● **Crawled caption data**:
• • • • •

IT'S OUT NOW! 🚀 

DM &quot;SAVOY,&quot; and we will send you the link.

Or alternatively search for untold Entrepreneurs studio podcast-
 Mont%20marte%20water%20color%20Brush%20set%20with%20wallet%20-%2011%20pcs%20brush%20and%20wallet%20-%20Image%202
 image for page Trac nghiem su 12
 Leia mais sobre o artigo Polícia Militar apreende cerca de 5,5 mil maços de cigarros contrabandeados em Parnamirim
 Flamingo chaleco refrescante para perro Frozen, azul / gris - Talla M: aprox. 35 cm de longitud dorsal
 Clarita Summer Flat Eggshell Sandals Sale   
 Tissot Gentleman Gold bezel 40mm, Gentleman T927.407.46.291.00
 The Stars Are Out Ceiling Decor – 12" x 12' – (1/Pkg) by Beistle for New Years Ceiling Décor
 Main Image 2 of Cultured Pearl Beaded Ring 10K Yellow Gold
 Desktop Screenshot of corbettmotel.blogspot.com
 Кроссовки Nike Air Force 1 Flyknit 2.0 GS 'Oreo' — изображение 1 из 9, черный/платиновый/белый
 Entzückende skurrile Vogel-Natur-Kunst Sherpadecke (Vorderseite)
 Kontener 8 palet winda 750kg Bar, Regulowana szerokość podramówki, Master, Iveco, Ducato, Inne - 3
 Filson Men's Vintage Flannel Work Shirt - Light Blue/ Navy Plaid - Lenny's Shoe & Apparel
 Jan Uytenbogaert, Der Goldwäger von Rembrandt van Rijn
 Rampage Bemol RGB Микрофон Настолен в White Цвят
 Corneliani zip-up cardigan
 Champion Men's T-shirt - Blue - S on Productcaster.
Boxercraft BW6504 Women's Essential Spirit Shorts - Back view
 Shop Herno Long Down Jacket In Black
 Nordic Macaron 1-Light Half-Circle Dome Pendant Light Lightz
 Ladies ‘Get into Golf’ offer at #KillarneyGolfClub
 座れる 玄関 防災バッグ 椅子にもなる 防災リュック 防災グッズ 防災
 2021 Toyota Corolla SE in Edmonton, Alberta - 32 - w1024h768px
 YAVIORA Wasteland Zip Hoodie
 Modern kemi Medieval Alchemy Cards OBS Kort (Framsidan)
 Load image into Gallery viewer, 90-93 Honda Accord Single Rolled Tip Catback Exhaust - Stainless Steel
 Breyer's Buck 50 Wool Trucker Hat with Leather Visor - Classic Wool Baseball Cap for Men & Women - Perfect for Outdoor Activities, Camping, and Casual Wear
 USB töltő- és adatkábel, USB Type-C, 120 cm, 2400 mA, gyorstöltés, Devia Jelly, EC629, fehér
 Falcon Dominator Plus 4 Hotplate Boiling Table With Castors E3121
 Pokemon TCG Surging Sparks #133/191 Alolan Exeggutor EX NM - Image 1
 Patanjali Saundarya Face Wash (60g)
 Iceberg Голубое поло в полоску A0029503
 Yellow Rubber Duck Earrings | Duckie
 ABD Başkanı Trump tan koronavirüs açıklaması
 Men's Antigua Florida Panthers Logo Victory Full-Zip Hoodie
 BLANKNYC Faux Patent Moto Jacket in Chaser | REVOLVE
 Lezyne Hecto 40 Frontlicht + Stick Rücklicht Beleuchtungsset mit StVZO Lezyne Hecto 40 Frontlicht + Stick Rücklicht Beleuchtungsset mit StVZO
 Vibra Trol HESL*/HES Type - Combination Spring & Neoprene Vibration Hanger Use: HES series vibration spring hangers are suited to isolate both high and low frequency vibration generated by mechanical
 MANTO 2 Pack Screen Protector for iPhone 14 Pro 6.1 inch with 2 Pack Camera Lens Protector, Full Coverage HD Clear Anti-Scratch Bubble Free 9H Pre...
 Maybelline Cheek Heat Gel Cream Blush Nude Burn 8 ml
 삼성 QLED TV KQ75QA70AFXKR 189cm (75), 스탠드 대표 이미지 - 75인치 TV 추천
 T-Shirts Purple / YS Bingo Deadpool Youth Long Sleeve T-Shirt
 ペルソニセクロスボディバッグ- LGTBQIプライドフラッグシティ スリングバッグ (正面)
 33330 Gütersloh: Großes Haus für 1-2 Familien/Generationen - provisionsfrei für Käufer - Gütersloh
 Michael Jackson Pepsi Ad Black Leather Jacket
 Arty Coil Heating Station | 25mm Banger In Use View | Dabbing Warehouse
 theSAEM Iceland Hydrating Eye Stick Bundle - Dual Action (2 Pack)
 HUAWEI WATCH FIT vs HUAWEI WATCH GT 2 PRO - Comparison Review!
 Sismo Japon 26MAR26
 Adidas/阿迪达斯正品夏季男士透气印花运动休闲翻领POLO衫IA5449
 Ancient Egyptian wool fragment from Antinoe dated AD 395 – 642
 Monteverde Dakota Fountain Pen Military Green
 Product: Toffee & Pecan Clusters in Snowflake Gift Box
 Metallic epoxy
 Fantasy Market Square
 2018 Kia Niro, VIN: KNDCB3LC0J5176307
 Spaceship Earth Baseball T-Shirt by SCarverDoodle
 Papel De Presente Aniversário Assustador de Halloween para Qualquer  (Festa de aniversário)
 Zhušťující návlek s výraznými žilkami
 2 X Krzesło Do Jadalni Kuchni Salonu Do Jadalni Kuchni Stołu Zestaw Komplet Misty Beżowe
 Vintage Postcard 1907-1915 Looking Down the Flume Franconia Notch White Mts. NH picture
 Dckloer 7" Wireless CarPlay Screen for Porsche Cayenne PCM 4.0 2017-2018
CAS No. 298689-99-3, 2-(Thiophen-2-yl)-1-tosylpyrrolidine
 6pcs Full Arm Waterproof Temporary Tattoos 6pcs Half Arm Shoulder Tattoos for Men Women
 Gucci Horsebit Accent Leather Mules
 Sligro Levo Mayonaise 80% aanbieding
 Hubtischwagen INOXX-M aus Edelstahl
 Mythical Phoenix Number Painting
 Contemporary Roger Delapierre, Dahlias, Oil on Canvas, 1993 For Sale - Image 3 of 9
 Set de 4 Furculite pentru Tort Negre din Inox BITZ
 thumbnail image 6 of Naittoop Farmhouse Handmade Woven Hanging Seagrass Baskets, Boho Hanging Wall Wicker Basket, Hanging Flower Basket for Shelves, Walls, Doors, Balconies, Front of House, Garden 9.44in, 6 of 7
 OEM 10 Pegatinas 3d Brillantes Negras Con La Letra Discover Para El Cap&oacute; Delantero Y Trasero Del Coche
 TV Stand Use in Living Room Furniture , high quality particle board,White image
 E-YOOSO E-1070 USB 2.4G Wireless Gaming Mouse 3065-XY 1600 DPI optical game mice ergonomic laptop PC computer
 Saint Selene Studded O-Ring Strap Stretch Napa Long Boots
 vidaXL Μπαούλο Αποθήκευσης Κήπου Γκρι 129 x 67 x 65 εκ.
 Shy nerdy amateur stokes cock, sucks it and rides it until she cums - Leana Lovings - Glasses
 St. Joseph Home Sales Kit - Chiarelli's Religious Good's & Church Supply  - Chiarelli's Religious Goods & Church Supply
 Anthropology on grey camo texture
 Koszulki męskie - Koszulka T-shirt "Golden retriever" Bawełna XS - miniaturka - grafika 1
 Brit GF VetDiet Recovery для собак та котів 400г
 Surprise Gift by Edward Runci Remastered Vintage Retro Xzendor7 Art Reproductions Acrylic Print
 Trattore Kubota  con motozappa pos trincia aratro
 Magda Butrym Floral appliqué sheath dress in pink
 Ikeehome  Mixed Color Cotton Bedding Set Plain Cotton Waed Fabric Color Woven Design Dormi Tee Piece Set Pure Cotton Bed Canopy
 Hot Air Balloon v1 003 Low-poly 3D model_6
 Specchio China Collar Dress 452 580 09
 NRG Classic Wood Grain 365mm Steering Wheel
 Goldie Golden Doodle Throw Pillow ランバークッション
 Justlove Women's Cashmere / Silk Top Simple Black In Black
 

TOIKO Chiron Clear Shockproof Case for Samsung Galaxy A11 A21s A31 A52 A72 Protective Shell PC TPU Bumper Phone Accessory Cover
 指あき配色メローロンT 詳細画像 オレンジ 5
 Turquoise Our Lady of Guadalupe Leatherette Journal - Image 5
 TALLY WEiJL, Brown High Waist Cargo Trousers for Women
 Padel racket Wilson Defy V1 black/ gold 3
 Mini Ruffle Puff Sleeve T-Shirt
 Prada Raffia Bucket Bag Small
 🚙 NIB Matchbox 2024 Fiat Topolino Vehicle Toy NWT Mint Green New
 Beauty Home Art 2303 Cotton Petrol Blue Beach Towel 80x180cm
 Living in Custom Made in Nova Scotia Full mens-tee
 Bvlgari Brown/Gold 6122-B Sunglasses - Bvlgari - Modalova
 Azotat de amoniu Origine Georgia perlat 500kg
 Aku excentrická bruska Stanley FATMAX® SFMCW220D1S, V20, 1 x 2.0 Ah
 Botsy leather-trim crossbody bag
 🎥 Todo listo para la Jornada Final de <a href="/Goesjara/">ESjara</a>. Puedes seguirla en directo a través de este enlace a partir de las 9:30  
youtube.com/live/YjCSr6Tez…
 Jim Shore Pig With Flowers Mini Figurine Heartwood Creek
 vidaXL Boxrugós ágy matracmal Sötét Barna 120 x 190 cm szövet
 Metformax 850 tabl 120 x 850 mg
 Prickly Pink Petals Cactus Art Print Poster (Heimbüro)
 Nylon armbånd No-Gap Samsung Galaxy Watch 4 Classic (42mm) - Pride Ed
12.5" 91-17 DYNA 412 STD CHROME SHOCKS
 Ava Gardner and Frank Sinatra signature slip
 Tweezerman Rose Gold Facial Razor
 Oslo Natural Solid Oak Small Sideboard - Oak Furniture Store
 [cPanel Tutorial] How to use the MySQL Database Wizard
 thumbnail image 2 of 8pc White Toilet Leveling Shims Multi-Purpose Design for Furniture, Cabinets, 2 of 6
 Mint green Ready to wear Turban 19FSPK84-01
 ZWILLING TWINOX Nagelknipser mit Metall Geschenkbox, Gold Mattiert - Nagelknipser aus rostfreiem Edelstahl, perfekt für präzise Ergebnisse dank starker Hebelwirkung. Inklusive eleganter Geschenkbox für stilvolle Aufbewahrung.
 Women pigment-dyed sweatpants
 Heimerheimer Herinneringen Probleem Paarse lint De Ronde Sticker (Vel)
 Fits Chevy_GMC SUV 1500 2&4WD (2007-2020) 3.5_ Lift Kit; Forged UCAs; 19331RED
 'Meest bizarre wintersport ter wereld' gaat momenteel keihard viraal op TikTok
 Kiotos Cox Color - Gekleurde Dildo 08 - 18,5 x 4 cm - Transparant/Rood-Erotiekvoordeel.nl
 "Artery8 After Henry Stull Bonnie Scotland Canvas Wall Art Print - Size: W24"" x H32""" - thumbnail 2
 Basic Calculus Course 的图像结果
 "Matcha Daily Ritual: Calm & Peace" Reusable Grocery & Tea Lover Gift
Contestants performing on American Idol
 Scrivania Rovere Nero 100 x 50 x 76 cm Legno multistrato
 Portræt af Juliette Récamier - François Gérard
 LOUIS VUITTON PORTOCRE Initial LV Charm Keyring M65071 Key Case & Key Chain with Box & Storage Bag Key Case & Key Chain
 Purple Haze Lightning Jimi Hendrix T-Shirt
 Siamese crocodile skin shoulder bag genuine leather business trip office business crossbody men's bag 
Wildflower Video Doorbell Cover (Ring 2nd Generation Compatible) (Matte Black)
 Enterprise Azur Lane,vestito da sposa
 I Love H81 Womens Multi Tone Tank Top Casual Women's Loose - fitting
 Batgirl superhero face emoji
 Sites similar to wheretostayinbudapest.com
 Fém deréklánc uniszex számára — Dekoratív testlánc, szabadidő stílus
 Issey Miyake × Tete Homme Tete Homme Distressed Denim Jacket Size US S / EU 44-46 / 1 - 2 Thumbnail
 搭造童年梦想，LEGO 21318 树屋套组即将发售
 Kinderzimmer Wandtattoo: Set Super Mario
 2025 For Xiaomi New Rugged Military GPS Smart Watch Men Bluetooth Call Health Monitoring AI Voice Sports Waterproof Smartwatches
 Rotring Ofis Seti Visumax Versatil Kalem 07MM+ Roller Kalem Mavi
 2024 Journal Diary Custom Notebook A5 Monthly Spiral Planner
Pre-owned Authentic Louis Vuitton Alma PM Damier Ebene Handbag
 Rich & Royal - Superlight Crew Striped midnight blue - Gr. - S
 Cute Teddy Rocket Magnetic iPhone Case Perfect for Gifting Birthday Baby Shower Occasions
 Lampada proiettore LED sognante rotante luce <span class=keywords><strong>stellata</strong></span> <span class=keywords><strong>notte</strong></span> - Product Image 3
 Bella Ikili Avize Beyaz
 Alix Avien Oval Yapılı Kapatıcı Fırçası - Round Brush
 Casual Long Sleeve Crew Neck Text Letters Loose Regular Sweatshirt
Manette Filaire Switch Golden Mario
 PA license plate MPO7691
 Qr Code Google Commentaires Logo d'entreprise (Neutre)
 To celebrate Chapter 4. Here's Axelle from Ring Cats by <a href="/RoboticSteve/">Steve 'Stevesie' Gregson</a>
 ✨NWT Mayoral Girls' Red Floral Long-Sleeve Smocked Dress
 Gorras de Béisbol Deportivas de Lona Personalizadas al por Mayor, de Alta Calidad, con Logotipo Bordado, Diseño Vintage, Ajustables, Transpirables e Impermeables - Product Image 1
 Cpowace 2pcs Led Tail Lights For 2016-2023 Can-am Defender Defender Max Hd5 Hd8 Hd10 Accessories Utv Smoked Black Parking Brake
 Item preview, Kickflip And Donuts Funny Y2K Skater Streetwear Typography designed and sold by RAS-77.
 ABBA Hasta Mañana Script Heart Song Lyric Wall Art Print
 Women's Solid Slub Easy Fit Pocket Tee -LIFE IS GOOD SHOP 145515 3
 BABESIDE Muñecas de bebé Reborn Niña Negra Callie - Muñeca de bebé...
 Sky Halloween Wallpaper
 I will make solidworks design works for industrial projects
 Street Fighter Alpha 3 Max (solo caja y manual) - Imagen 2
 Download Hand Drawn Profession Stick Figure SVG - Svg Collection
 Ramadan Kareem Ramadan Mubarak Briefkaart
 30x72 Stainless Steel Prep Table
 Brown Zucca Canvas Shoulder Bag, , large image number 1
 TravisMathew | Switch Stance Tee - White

• • • • •

● **Exercise prompt**: Retype the records above from the very first line down to the line with "Load image into", keeping both of those lines. Include nothing beyond them.

● **Final answer**:
IT'S OUT NOW! 🚀 

DM &quot;SAVOY,&quot; and we will send you the link.

Or alternatively search for untold Entrepreneurs studio podcast-
 Mont%20marte%20water%20color%20Brush%20set%20with%20wallet%20-%2011%20pcs%20brush%20and%20wallet%20-%20Image%202
 image for page Trac nghiem su 12
 Leia mais sobre o artigo Polícia Militar apreende cerca de 5,5 mil maços de cigarros contrabandeados em Parnamirim
 Flamingo chaleco refrescante para perro Frozen, azul / gris - Talla M: aprox. 35 cm de longitud dorsal
 Clarita Summer Flat Eggshell Sandals Sale   
 Tissot Gentleman Gold bezel 40mm, Gentleman T927.407.46.291.00
 The Stars Are Out Ceiling Decor – 12" x 12' – (1/Pkg) by Beistle for New Years Ceiling Décor
 Main Image 2 of Cultured Pearl Beaded Ring 10K Yellow Gold
 Desktop Screenshot of corbettmotel.blogspot.com
 Кроссовки Nike Air Force 1 Flyknit 2.0 GS 'Oreo' — изображение 1 из 9, черный/платиновый/белый
 Entzückende skurrile Vogel-Natur-Kunst Sherpadecke (Vorderseite)
 Kontener 8 palet winda 750kg Bar, Regulowana szerokość podramówki, Master, Iveco, Ducato, Inne - 3
 Filson Men's Vintage Flannel Work Shirt - Light Blue/ Navy Plaid - Lenny's Shoe & Apparel
 Jan Uytenbogaert, Der Goldwäger von Rembrandt van Rijn
 Rampage Bemol RGB Микрофон Настолен в White Цвят
 Corneliani zip-up cardigan
 Champion Men's T-shirt - Blue - S on Productcaster.
Boxercraft BW6504 Women's Essential Spirit Shorts - Back view
 Shop Herno Long Down Jacket In Black
 Nordic Macaron 1-Light Half-Circle Dome Pendant Light Lightz
 Ladies ‘Get into Golf’ offer at #KillarneyGolfClub
 座れる 玄関 防災バッグ 椅子にもなる 防災リュック 防災グッズ 防災
 2021 Toyota Corolla SE in Edmonton, Alberta - 32 - w1024h768px
 YAVIORA Wasteland Zip Hoodie
 Modern kemi Medieval Alchemy Cards OBS Kort (Framsidan)
 Load image into Gallery viewer, 90-93 Honda Accord Single Rolled Tip Catback Exhaust - Stainless Steel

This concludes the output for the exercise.